Dans son allocution, l’ambassadeur a rappelé les réalisations de la Mauritanie en matière d’amélioration de l’accès aux services sanitaires et sociaux, ainsi que les efforts et actions entrepris par le gouvernement mauritanien conformément aux recommandations du Rapport international sur la population et le développement, à travers la mise en place l’Observatoire national pour une maternité sans risque, lancé en février 2025 sous les auspices de la Première Dame, en vue de mettra en œuvre la Carte nationale 2025-2030, un plan ambitieux visant à réduire la mortalité maternelle et néonatale dans le pays.
Le coût du forfait obstétrique pour les femmes enceintes a, également, été réduit de 55 %, leur permettant d’accéder aux services de santé pendant la grossesse et après l’accouchement, en plus de la mise en place d’un programme d’assurance maladie universelle ciblant les plus vulnérables, en particulier, les femmes et les adolescentes.
Il a ajouté que des investissements en infrastructure numérique ont, également, été réalisés avec l’adoption du DHIS2 (Programme local d’information sanitaire 2) pour renforcer le système national d’information sanitaire, et l’augmentation progressive du budget de la santé de 8 à 15 %, conformément aux recommandations de la Conférence d’Abuja.

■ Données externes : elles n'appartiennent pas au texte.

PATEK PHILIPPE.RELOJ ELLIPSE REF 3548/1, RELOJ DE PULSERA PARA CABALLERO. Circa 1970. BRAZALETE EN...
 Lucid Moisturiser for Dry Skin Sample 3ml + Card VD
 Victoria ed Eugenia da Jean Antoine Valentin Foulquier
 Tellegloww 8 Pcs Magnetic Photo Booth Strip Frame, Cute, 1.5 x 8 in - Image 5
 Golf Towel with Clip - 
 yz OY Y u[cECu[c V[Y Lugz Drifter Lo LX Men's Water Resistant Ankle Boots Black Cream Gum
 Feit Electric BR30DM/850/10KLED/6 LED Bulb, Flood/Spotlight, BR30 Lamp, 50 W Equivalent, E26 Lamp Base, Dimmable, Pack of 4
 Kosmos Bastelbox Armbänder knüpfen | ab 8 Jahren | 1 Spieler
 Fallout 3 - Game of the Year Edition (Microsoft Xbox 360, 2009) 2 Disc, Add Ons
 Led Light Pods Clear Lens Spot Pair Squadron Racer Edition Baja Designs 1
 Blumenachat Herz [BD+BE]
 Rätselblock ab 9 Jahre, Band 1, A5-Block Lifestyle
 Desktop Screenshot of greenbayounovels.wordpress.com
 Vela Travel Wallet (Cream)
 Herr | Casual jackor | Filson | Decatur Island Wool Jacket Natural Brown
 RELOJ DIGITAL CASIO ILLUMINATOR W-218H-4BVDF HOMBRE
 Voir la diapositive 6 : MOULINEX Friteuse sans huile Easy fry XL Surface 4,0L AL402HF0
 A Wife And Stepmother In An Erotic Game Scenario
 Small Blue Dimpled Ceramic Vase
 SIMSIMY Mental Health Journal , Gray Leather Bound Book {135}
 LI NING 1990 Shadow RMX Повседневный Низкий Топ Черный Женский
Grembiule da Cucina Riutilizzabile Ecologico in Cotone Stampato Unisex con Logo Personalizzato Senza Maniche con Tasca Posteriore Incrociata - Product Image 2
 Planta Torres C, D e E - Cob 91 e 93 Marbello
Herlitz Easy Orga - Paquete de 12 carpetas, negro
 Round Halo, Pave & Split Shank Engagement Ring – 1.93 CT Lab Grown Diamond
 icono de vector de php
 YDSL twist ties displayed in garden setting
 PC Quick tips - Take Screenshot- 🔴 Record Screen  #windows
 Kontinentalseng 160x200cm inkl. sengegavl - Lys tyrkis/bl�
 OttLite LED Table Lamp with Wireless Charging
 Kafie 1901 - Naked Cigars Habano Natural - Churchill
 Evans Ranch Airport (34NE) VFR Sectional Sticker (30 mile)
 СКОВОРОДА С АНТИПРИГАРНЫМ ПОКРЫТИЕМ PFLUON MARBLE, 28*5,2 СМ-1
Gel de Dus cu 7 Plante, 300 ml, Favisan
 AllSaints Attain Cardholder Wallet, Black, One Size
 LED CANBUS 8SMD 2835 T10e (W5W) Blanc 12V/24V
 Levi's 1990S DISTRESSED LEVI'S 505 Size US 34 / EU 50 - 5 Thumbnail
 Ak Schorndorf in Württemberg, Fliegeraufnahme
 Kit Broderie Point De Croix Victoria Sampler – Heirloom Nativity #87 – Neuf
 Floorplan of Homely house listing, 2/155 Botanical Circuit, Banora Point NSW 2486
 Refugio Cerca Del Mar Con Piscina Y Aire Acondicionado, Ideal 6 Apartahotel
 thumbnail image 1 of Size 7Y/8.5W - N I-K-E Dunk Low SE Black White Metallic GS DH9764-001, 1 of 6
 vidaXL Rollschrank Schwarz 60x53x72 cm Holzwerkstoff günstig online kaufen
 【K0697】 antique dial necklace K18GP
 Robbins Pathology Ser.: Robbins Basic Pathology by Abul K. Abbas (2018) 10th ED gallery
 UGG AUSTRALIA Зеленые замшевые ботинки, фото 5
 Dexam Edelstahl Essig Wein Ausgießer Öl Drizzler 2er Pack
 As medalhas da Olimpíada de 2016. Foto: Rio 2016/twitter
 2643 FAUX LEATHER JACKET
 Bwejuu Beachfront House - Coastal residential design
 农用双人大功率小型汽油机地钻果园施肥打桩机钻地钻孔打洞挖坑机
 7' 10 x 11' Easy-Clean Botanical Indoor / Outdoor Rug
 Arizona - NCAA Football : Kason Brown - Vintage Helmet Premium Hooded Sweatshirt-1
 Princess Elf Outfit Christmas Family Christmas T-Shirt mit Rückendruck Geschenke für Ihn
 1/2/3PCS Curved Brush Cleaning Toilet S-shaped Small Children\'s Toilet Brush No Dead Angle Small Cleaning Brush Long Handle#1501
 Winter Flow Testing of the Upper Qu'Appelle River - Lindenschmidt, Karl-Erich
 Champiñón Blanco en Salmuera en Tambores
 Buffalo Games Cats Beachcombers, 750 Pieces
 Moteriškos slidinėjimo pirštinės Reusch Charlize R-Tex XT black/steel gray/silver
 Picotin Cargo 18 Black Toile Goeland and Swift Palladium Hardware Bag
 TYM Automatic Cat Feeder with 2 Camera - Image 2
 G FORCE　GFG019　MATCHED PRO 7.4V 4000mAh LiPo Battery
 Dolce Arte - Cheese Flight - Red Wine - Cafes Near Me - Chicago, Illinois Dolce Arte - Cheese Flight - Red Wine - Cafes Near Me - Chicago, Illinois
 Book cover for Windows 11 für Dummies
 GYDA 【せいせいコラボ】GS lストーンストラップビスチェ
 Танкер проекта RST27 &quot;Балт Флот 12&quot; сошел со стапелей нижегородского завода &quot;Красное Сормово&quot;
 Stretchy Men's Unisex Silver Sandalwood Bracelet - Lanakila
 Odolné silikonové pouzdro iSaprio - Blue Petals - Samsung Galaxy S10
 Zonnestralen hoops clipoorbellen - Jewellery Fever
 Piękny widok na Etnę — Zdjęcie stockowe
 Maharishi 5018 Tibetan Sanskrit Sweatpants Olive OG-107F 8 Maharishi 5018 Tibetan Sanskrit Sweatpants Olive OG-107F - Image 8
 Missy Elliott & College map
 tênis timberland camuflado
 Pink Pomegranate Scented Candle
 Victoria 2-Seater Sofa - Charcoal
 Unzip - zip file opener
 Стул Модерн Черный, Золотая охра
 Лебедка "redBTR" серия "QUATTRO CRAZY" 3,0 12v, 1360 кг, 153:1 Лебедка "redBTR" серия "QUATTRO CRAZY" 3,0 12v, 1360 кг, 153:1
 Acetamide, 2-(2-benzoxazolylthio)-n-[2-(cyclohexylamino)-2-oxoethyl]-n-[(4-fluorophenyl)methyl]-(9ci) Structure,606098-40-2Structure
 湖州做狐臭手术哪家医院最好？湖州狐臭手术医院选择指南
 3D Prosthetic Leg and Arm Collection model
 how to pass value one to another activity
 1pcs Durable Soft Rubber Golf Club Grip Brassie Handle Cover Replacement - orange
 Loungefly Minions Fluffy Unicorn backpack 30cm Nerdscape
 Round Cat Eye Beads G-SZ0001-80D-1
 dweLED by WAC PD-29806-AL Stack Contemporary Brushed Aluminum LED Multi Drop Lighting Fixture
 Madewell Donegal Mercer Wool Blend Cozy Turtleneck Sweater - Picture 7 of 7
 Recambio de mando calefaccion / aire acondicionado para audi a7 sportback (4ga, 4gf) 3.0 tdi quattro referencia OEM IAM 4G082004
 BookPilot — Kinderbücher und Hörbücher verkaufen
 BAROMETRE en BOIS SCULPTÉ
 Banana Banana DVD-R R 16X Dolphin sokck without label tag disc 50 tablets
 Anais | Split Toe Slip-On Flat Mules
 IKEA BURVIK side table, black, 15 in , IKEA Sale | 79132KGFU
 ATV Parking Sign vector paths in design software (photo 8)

L’ambassadeur a, en outre, indiqué que toutes ces réalisations s’inscrivent dans le cadre de la stratégie de croissance accélérée et du bien-être partagé (SCAPP 2016-2030), priorisant les interventions favorables pour bénéficier du dividende démographique, en particulier, l’augmentation des investissements et des efforts dans le domaine de la santé, de l’éducation et de l’intégration des jeunes dans le but de parvenir à une croissance forte, durable et partagée, en plus de l’affirmation de l’engagement de la Mauritanie envers le Programme d’action de la Conférence internationale sur la population et le développement adopté lors du Sommet de Nairobi, où un accent particulier a été mis sur la réalisation des objectifs de développement durable 3, 4, 5 et 8.